China has leveraged its rare earth dominance as a potent geopolitical instrument. In April 2023, Beijing temporarily restricted exports of seven rare earth elements, disrupting US and Japanese supply chains, widely interpreted as a response to American tariffs. Gracelin Baskaran, a critical minerals expert at the Center for Strategic and International Studies, explained that China “doesn’t turn around and curb production to raise prices — rather, it uses market dominance to retain leverage and weaponise these resources.” Such measures confirm that rare earths are neither mere commodities nor traditional resources, but instruments capable of reshaping alliances, supply networks, and international trade norms.

Western responses have been uneven. The US has invested in Pentagon-backed projects, imposed tariffs, and explored international partnerships, while the EU and Japan pursue recycling, stockpiling, and domestic development. The G7, in its 2025 Critical Minerals Action Plan, emphasised diversification, traceability, sustainable mining, and innovation, explicitly recognising the threat posed by “non-market policies and practices in the critical minerals sector,” according to the official communiqué. Yet, as Gareth Hatch, founder of Technology Materials Research, observed, “The mantra of most western companies has always been ‘lowest cost at any cost.’ Why would you buy from a higher-cost producer if lower-cost alternatives are available?”

Attempts to replicate China’s industrial mastery confront both technological and historical inertia. Bloomberg reported that the solvent extraction process crucial to rare earth separation, though originally developed in the United States, was abandoned domestically due to environmental and regulatory constraints, permitting Chinese engineers to perfect the technique over decades. Between 1950 and 2018, China filed over 25,000 rare earth patents, surpassing US filings by more than 150 per cent. Biological and green-tech alternatives, such as the DARPA-funded EMBER project using microbes to process REEs, remain years from industrial scalability, according to the Washington Post.

Even as the US pursues Greenland and domestic mining initiatives, China has consolidated its control over rare earths through new licensing and reporting regulations, centralising oversight under the ostensible guise of environmental protection, the Washington Post reported in 2025. This underscores a stark paradox: abundance alone does not confer strategic autonomy. True leverage resides in control over processing, technology, and supply chain governance, areas where China has invested systematically and consolidated expertise.
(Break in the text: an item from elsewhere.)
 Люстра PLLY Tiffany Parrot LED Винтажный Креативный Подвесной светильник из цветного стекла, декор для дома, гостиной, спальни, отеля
Rare earths have become instruments of influence at the intersection of technology, commerce, and military power. As the Financial Times observed, “breaking China’s grip will be challenging,” given decades of state planning, technological mastery, and market manipulation. Even US interventions — from price floors to G7 initiatives —

confront the scale and sophistication of China’s advantage.

From Greenland to Mountain Pass, and from Pentagon investments in MP Materials to US-Japan stockpiling, the global race illustrates a critical lesson: in the era of rare earths, mineral supply chains are inseparable from statecraft, and technological command is synonymous with geopolitical power. It is in this context that Trump wages his tariff war, while Xi Jinping and Narendra Modi are set to meet on Monday, 1 September, after seven years, a meeting that could reshape strategic alignments in the rare minerals race.